Crawled caption data
########
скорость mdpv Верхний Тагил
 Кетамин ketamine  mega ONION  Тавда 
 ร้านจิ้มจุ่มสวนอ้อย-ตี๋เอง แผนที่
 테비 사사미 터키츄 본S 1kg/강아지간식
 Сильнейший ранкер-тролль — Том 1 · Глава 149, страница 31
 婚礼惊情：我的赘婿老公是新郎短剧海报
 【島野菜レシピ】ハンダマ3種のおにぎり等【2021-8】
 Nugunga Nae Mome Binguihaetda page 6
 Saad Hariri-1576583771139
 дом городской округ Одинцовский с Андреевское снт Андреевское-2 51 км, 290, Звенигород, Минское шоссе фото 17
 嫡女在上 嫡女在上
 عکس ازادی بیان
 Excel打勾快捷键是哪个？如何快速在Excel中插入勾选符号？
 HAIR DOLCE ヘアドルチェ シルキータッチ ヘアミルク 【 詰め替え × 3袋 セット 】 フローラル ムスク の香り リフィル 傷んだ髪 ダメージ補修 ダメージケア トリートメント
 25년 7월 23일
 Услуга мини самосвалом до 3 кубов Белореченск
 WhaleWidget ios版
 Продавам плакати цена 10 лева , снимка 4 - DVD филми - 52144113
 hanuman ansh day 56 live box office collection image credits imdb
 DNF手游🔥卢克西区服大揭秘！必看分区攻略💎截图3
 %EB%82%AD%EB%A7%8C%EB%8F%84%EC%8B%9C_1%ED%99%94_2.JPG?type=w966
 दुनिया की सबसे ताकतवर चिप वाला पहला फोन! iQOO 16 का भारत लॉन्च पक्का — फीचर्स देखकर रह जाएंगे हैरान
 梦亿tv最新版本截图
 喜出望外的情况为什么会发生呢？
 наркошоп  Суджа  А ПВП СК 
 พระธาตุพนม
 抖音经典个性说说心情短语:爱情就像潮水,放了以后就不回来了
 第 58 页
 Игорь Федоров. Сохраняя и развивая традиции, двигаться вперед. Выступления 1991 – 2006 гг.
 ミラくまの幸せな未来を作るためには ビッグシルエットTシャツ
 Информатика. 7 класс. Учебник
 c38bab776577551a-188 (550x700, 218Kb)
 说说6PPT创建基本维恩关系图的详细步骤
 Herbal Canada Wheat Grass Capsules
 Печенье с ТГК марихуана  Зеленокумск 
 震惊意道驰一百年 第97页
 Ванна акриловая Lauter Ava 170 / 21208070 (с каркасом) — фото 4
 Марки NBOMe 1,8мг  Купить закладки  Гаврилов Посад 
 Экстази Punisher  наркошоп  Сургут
########
Print out every record, character for character.

скорость mdpv Верхний Тагил
 Кетамин ketamine  mega ONION  Тавда 
 ร้านจิ้มจุ่มสวนอ้อย-ตี๋เอง แผนที่
 테비 사사미 터키츄 본S 1kg/강아지간식
 Сильнейший ранкер-тролль — Том 1 · Глава 149, страница 31
 婚礼惊情：我的赘婿老公是新郎短剧海报
 【島野菜レシピ】ハンダマ3種のおにぎり等【2021-8】
 Nugunga Nae Mome Binguihaetda page 6
 Saad Hariri-1576583771139
 дом городской округ Одинцовский с Андреевское снт Андреевское-2 51 км, 290, Звенигород, Минское шоссе фото 17
 嫡女在上 嫡女在上
 عکس ازادی بیان
 Excel打勾快捷键是哪个？如何快速在Excel中插入勾选符号？
 HAIR DOLCE ヘアドルチェ シルキータッチ ヘアミルク 【 詰め替え × 3袋 セット 】 フローラル ムスク の香り リフィル 傷んだ髪 ダメージ補修 ダメージケア トリートメント
 25년 7월 23일
 Услуга мини самосвалом до 3 кубов Белореченск
 WhaleWidget ios版
 Продавам плакати цена 10 лева , снимка 4 - DVD филми - 52144113
 hanuman ansh day 56 live box office collection image credits imdb
 DNF手游🔥卢克西区服大揭秘！必看分区攻略💎截图3
 %EB%82%AD%EB%A7%8C%EB%8F%84%EC%8B%9C_1%ED%99%94_2.JPG?type=w966
 दुनिया की सबसे ताकतवर चिप वाला पहला फोन! iQOO 16 का भारत लॉन्च पक्का — फीचर्स देखकर रह जाएंगे हैरान
 梦亿tv最新版本截图
 喜出望外的情况为什么会发生呢？
 наркошоп  Суджа  А ПВП СК 
 พระธาตุพนม
 抖音经典个性说说心情短语:爱情就像潮水,放了以后就不回来了
 第 58 页
 Игорь Федоров. Сохраняя и развивая традиции, двигаться вперед. Выступления 1991 – 2006 гг.
 ミラくまの幸せな未来を作るためには ビッグシルエットTシャツ
 Информатика. 7 класс. Учебник
 c38bab776577551a-188 (550x700, 218Kb)
 说说6PPT创建基本维恩关系图的详细步骤
 Herbal Canada Wheat Grass Capsules
 Печенье с ТГК марихуана  Зеленокумск 
 震惊意道驰一百年 第97页
 Ванна акриловая Lauter Ava 170 / 21208070 (с каркасом) — фото 4
 Марки NBOMe 1,8мг  Купить закладки  Гаврилов Посад 
 Экстази Punisher  наркошоп  Сургут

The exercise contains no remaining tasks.